Day 3: The Madness That is India

So today was the day, if everything could go wrong. It would.

Well, that’s not true. The day started off well. Breakfast was actually tasty for once and I was very much looking forward to work. Today is the day I meet my suppliers for the vague business I had been mentioning about.

The first sessions went very well. All the prep we had done paid off and I am very excited about the kinds of products we will be introducing to Malaysia.

After three hours of tea tasting, we headed off to see our second supplier. And this was when everything that could go wrong, well, did.

To save a bit of cash, we opted to take the taxi in Calcutta. I’ve taken taxis in Delhi before – how much more different could it be in Calcutta. We hoped into one of these yellow Ambassadors with the address in hand.

Taxi fares in Calcutta is easy to navigate. Double the rate on the meter and add 2 rupees, or if you are feeling generous, another 5 or 10 Rs. While figuring out the rate may be easy, the real problem comes in communicating to the taxi driver. Despite West Bengal’s policy of making English compulsory – it seems that no one here really speaks English. Communication has to be done in the form of waves and gestures and speaking English as loudly as possible.
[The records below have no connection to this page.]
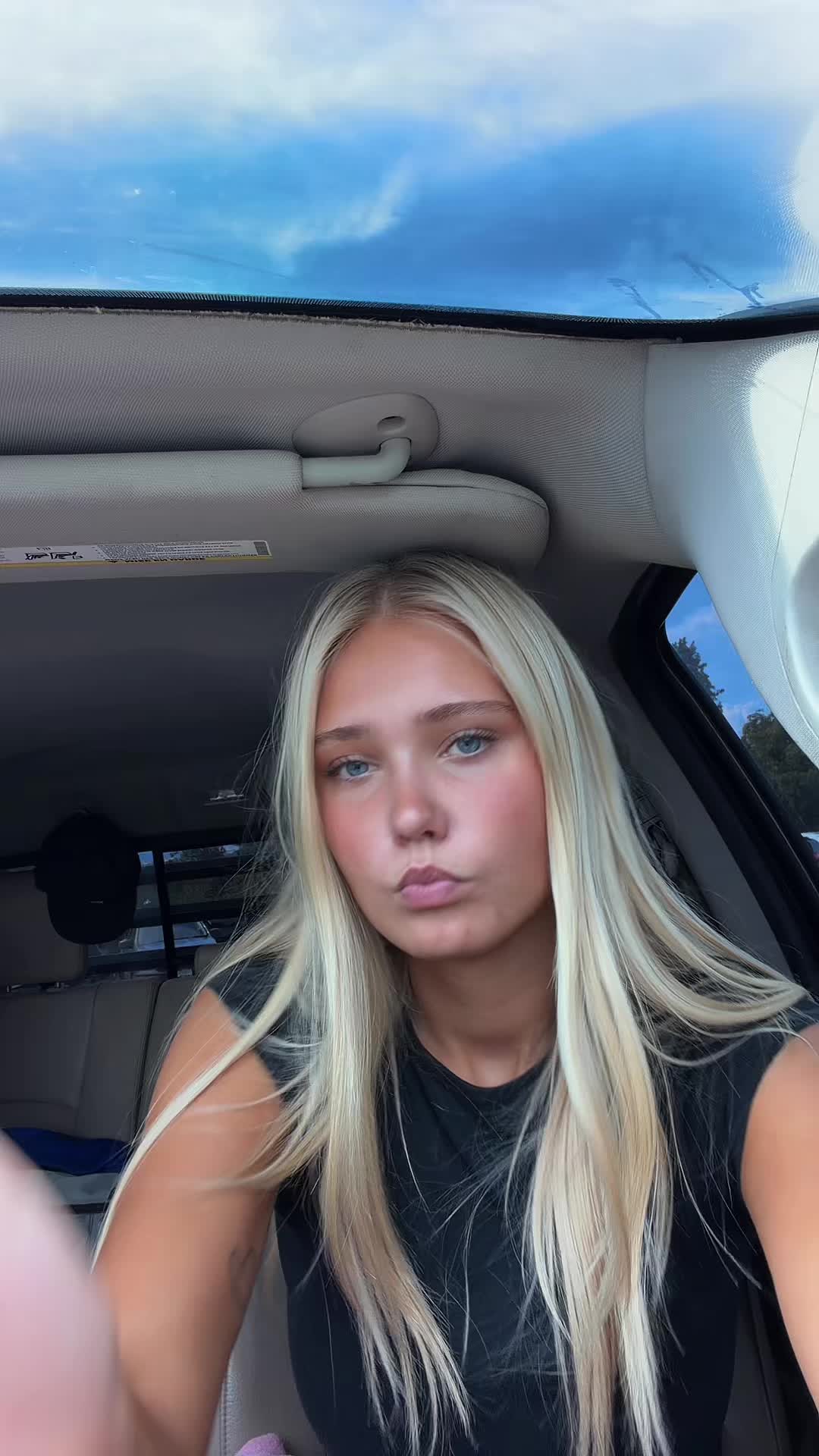 @lola.tabor
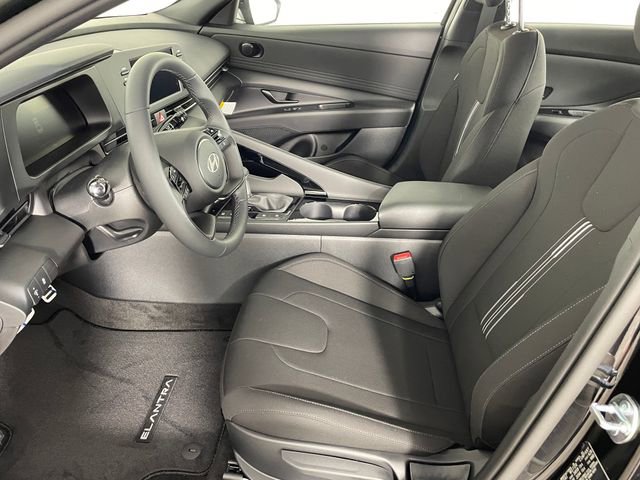 New 2026 Hyundai Elantra SEL Sport Premium FWD image 2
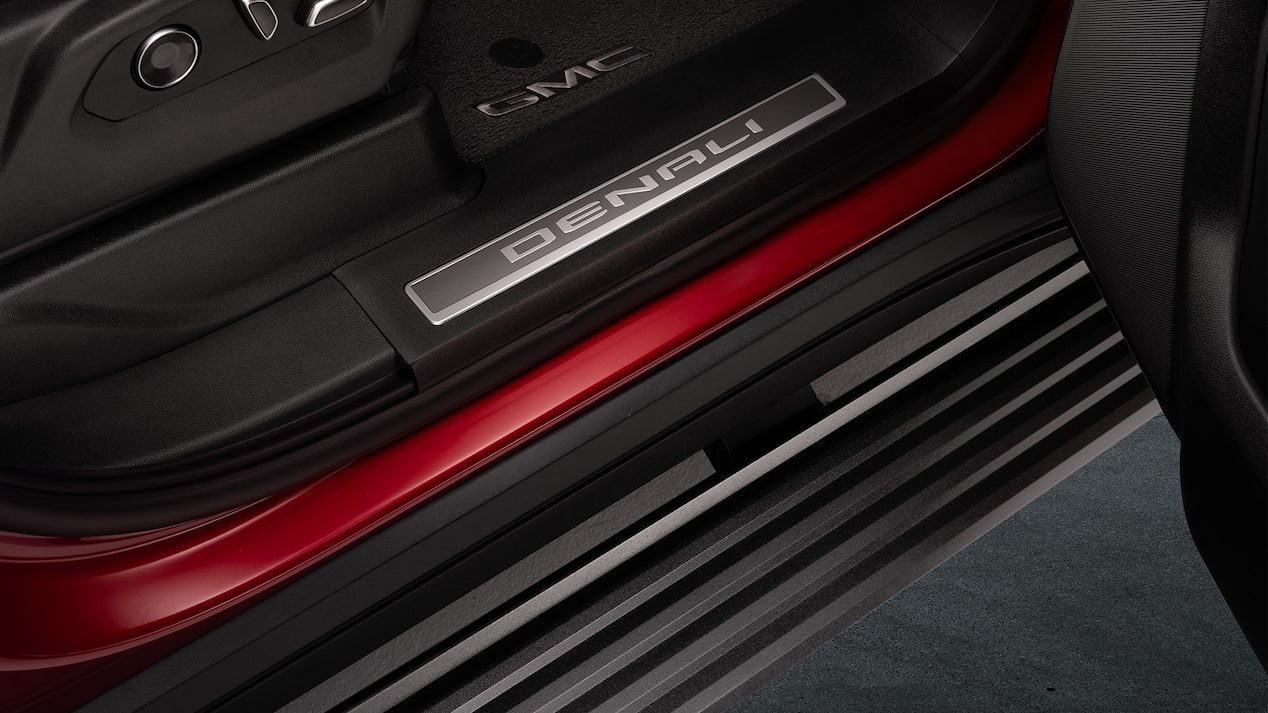 GMC Yukon Denali power retractable side steps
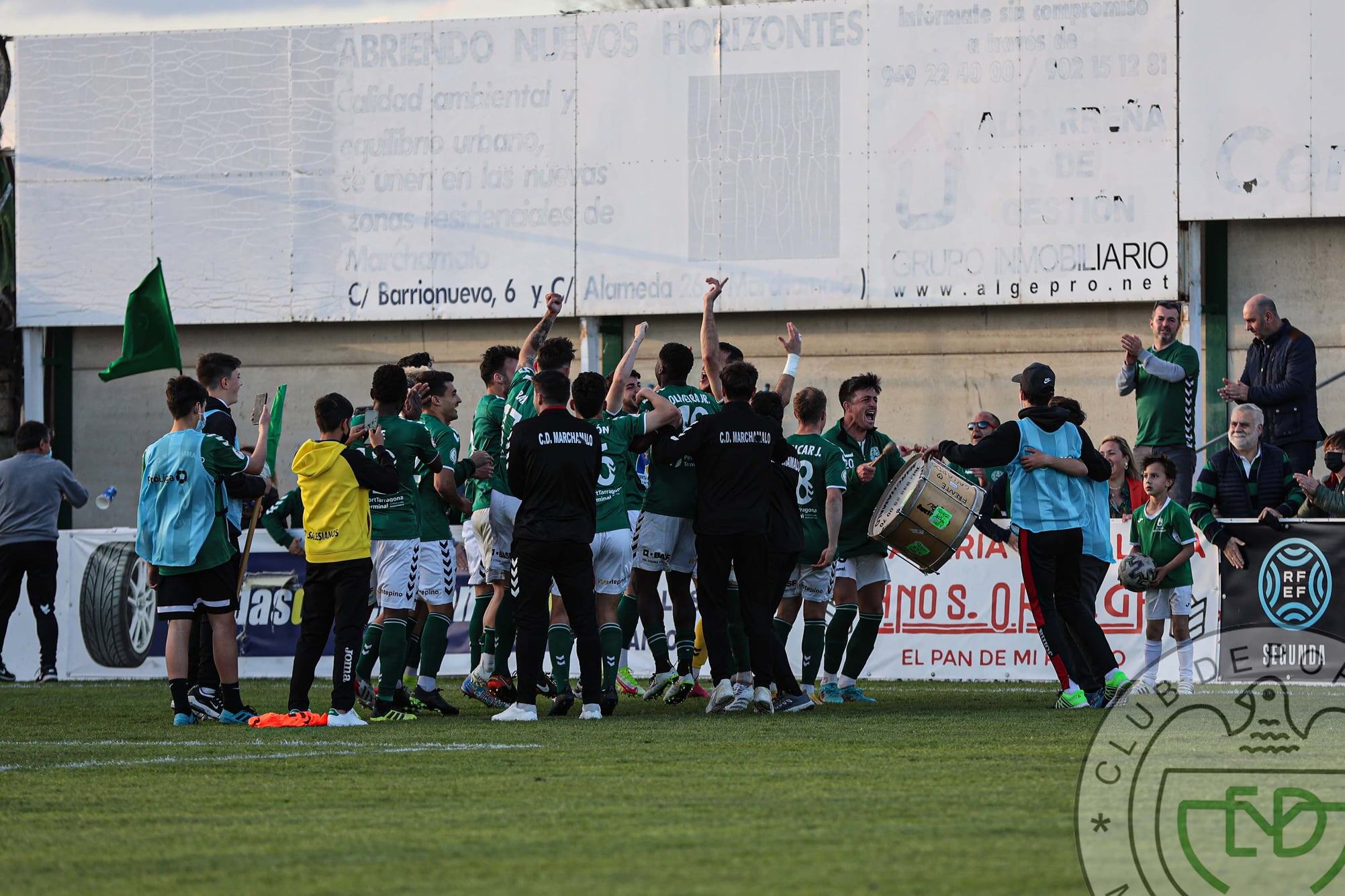 Josemi y sus compañeros celebran a ritmo de bombo la victoria contra el Atl. Pulpileño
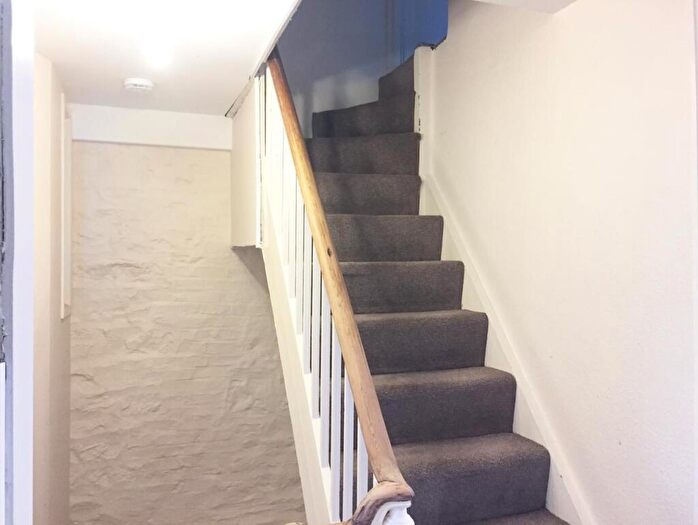 2 Bedroom Apartment To Rent In Barn Road, Carmarthen, SA31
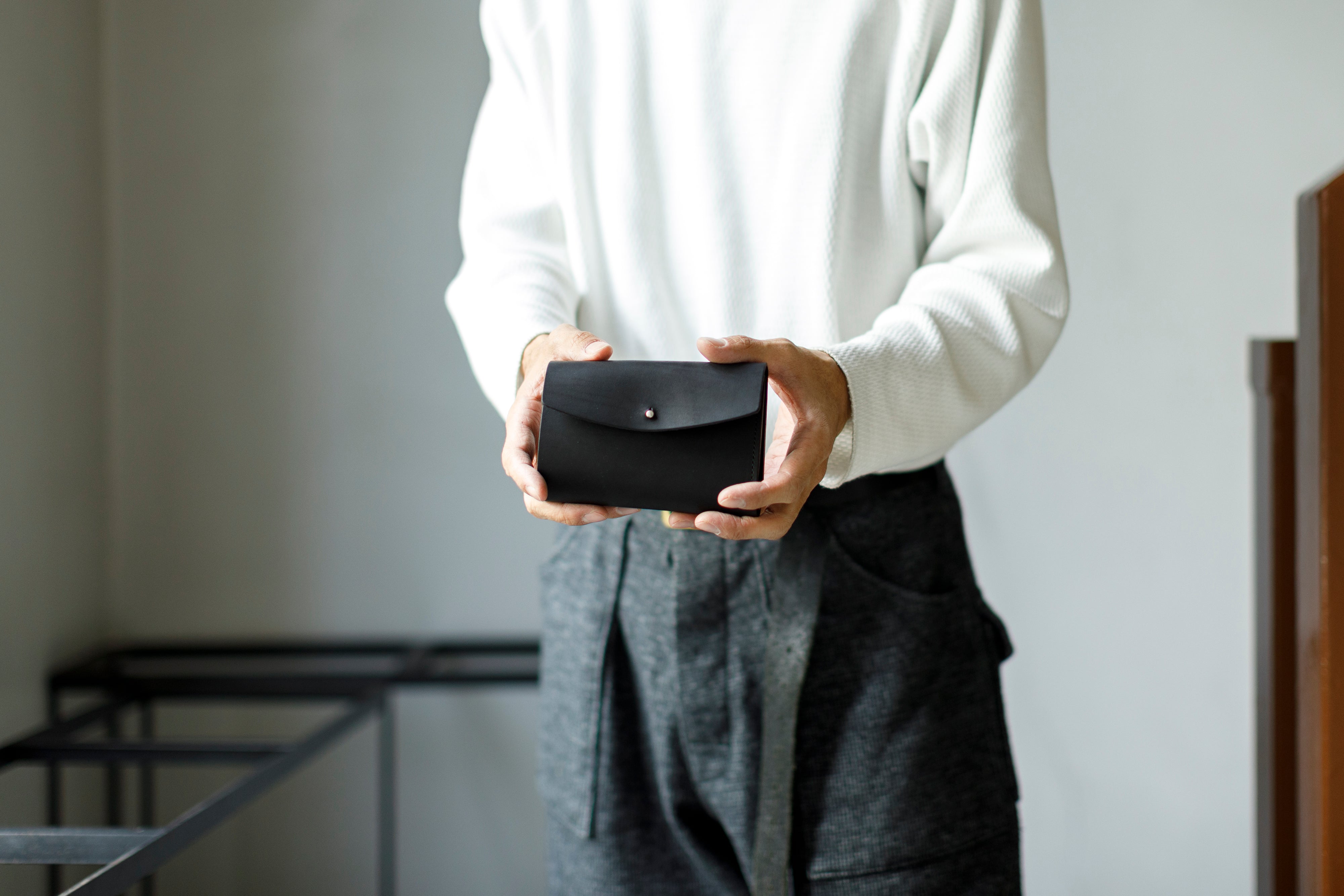 AMIACALVA / AK-007 GUIDI&ROSELLINI MEDIUM WALLET - Black – reggio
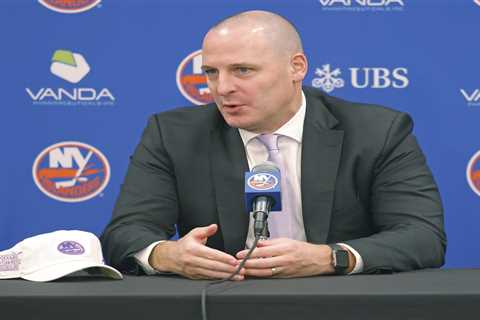 Islanders GM OK letting contract situations play out past deadline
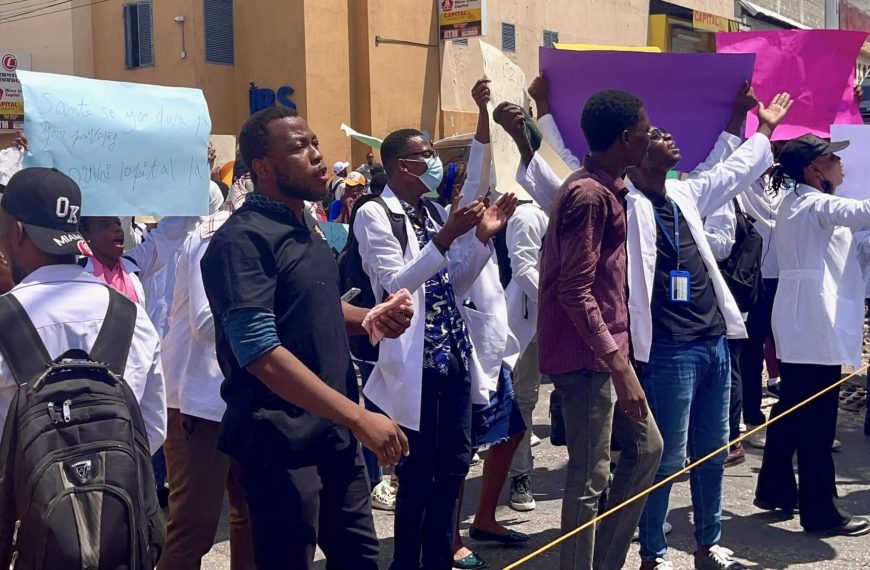 Étudiant blessé lors d’une manifestation pour la réouverture de l’Hôpital général, la PNH ouvre une enquête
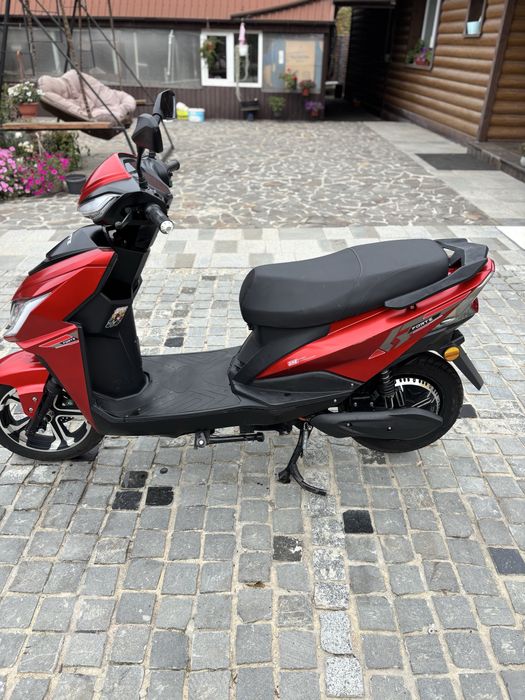 Електроскутер Forte Leon 2.5kW
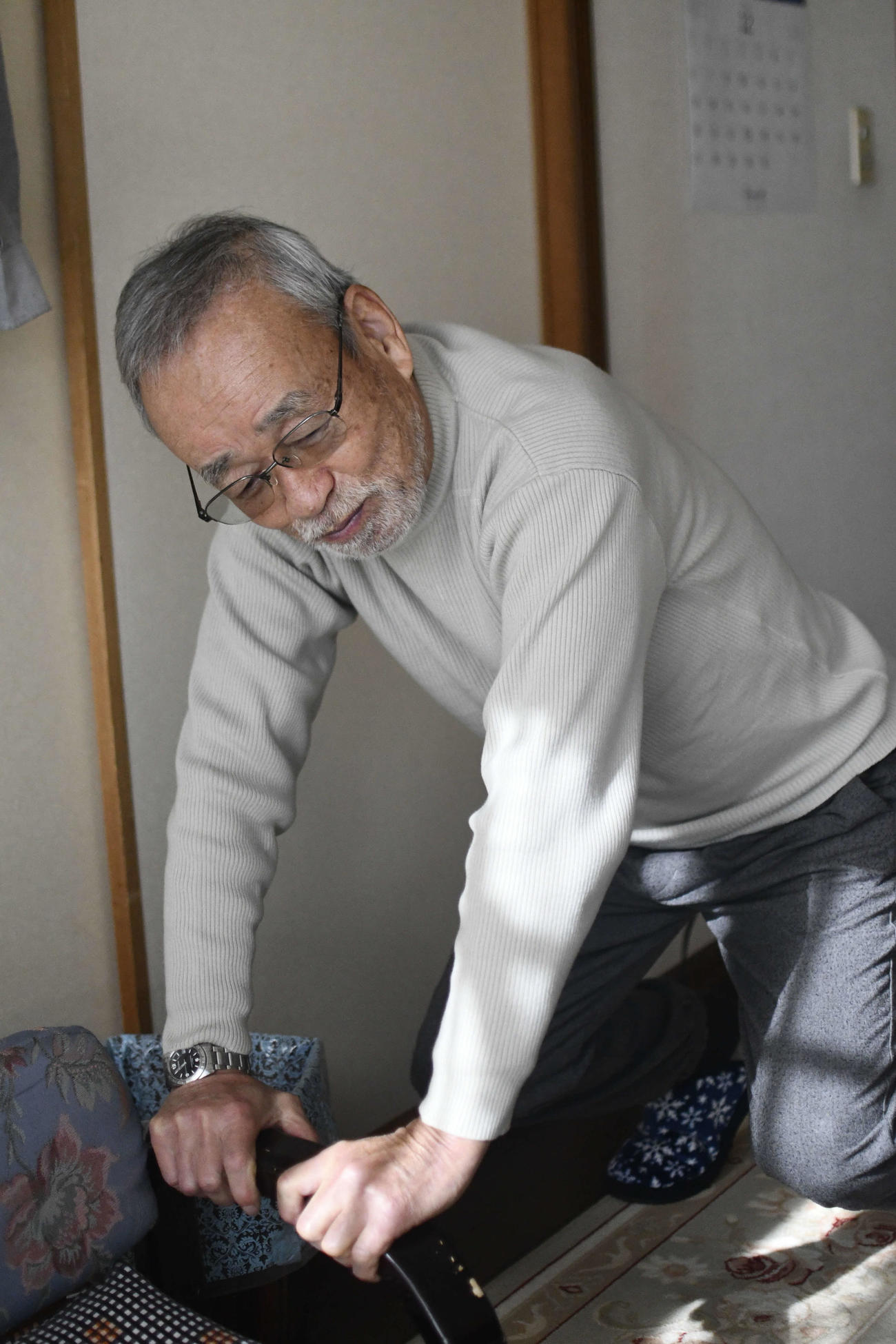 81歳を迎えてもまだまだ現役！重心を低くしてスクラムの姿勢をする大嶋さん（撮影・平山連）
It is a well-known fact that the louder you shout at someone in a language they don’t comprehend, the more likely they will be able to understand it.

Second problem: no one in Calcutta seems to know how to get around in the city. The first driver we had when we came over last year, had plenty of problems of finding an area that we spent more time going around in circles than getting to the places we intended to.

Third problem, both my mum and my phone had no international roaming. I had a camera in the shape of an Iphone 4s, but not really a phone.

Knowing these three problems – I’m not so sure what possessed the two of us to take a taxi anyway to see our second supplier. The taxi driver did not speak any English, and when our supplier told him where the area we needed to be – he seemed as confused as ever. Not so sure why he opted to be a taxi driver as his chosen profession.

Our taxi driver – as expected, got lost and when he asked for directions from a passerby. Based on the tone and gestures of the interaction, said passerby presumably began to mock him for being such a hopeless taxi driver and getting lost. In the taxi driver’s indignation, he dropped the two of us by the side of the road telling us that he can’t help us anymore.

To be honest, at this point I was quite terrified. I’m not familiar with Calcutta. Drop me in any part of Delhi and I’ll be fine but this was a different city, with different rules and heck, a different language. We don’t have a phone.

But my mum was very insistent that we walked to find the area. I think we asked no less than 10 different people how to get to our second supplier. And I kid you not, all ten people gave different directions. We walked around the block three times, trying to find the address. We bickered with each other, threatening to call off our partnership (kinda difficult when she’s your mother).

As a rule of thumb in India, you ought to be careful if you are two foreign women walking about in unfamiliar territory. Although men who were thinking of teasing us were terrified of us since we had our bitchface on.

We finally found the address we were looking for, an unfamiliar office, very different to the one we went to. It was at this point we realized we went to the wrong address than the one we intended.